Perkins was named Second-team All-Pac 12 in his final season, rushing for 1,343 yards and 14 touchdowns. He decided to forego his senior season and enter the NFL Draft.

He was selected 149th overall. Unfortunately, Perkins wasn’t able to join his new teammates immediately. An NCAA rule prohibited him from joining the Giants until classes were finished at UCLA. As a result, Perkins didn’t participate in any of last year’s organized team activities (OTAs) or spring workouts.

Naturally, Perkins had to play catch up when he was finally able to join the Giants. As the season progressed, the team saw enough progress from him to give him more playing time.

“I think as he progressed last season you started seeing flashes that he needed to get more time on the field,” Giants running backs coach Craig Johnson said. “We gave him more time on the field later and he showed a lot of the things that you’re looking for from a guy that can be a starter in the league.”

It wasn’t running ability that Perkins needed to work on the most but pass protection.

“When he first came in he was probably like a lot of guys because he was reacting to a guy that he saw instead of really understanding what his fit was,” Johnson said. “In this league, you’ll get thrown off balance because there’s tremendous pass rushers. As the season kept going and he started figuring it out and then he just said, ‘I’m going to show people and I’m going to be aggressive and I’m not going to get run over’.”

Perkins’ aggressiveness in pass protecting was on full display in the Week 12 game against the Cleveland Browns. The 208-pound Perkins blocked Browns linebacker Jamie Collins, who outweighs him by 40 pounds. On one play, Perkins put Collins in the dirt.

He was made the starter in the regular season finale against the Washington Redskins. Perkins gained 102 yards on 21 carries in a 19-10 victory that eliminated the Redskins from the playoffs.
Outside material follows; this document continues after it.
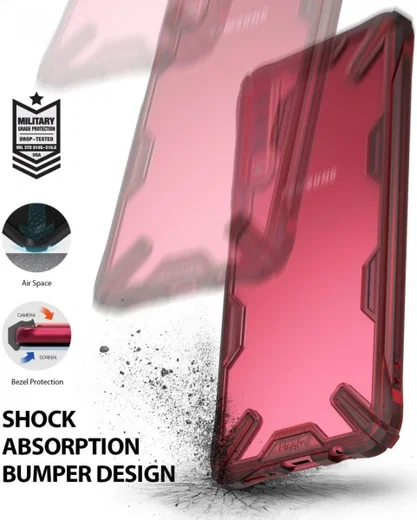 Ringke Fusion X Samsung Galaxy A7 (2018) Hoesje Doorzichtig Ruby Red afbeelding 2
Perkins gained 456 yards on 112 carries in 2016, averaging 4.1 yards per carry. Last year’s starter, Rashad Jennings, only gained 3.3 yards per carry. It was an easy decision for the Giants to release Jennings and an easier decision to move Perkins up to the starting spot.

“It was Paul and Rashad last year and Rashad is no longer with us, so Paul is the next man up,” head coach Ben McAdoo when he announced Perkins as the starter on May 2.
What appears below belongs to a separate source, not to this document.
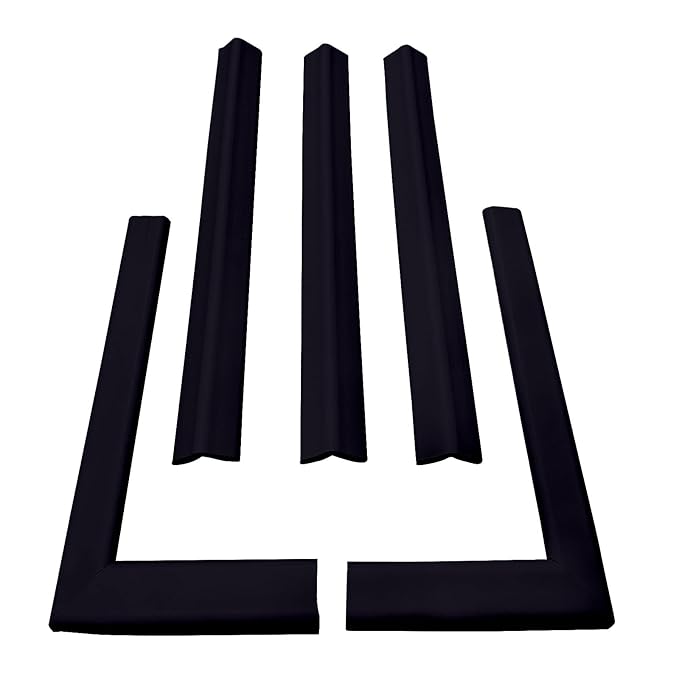 Cardinal Gates KEPK Large Hearth Pad Kit - Fireplace Baby Proofing - Adhesive Backed Fireplace Bumpers for Babies - 12.5 Feet of Padding with 3 Straight Pieces & 2 Corners - Made in The USA - Black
Perkins gained some weight to prepare for the pounding an NFL starting running back takes, going from 205 pounds to 213 pounds. McAdoo did say Perkins will have the starting job for as long as he can hold it. He is, without question, the best option to carry the ball.

Shane Vereen only played in five games last season after tearing his triceps twice and will be used more in pass catching situations. Orleans Darkwa also finished the season on injured reserve. Shaun Draughn was a free agent pickup and fourth-round pick Wayne Gallman will need time to adjust to the NFL.